REQUIRED ACTION: Would you transcribe the lines running from the one that holds "Happy Birthday Conor McGregor!" to the last line of the records? Leave every picture out.

--- GIVEN INFORMATION ---

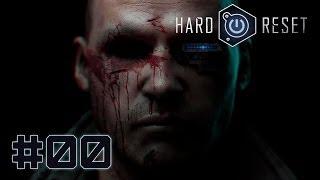 Hard Reset #00 - Пальпация (интерактив)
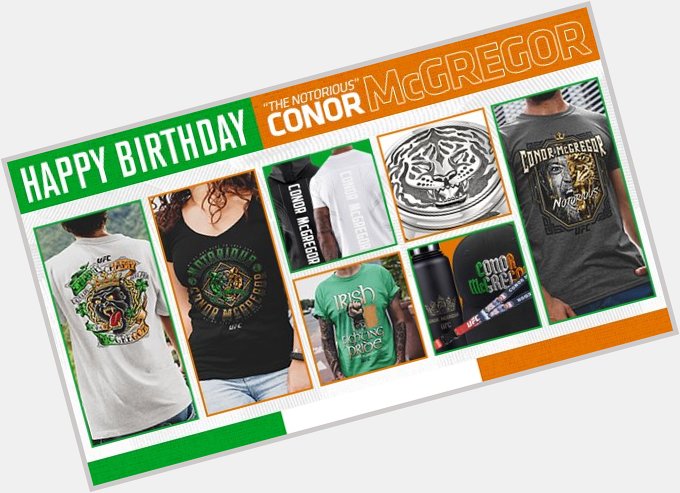 Happy Birthday Conor McGregor! 

Shop >>    | 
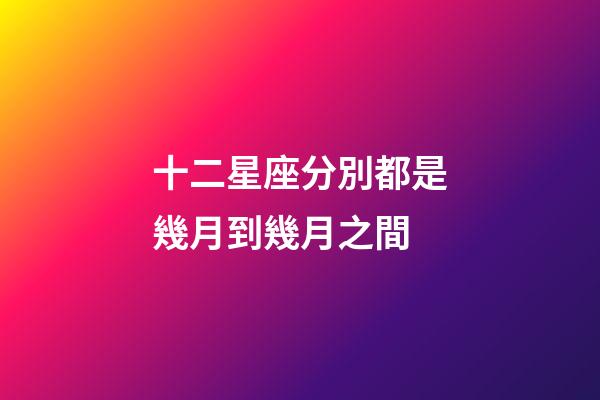 十二星座分別都是幾月到幾月之間-第1張-星座運(yùn)勢(shì)-玄機(jī)派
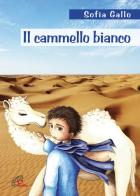 Il cammello bianco. Ediz. illustrata di Sofia Gallo edito da Paoline Editoriale Libri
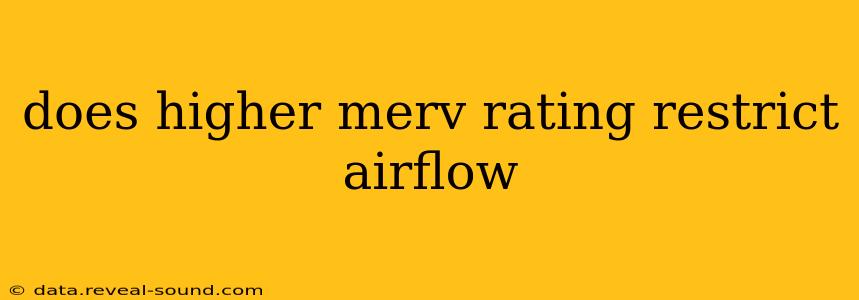 does higher merv rating restrict airflow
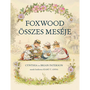 Foxwood összes meséje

---

ANSWER SPACE:
 Happy Birthday Conor McGregor! 

Shop >>    | 
 十二星座分別都是幾月到幾月之間-第1張-星座運(yùn)勢(shì)-玄機(jī)派
 Il cammello bianco. Ediz. illustrata di Sofia Gallo edito da Paoline Editoriale Libri
 does higher merv rating restrict airflow
 Foxwood összes meséje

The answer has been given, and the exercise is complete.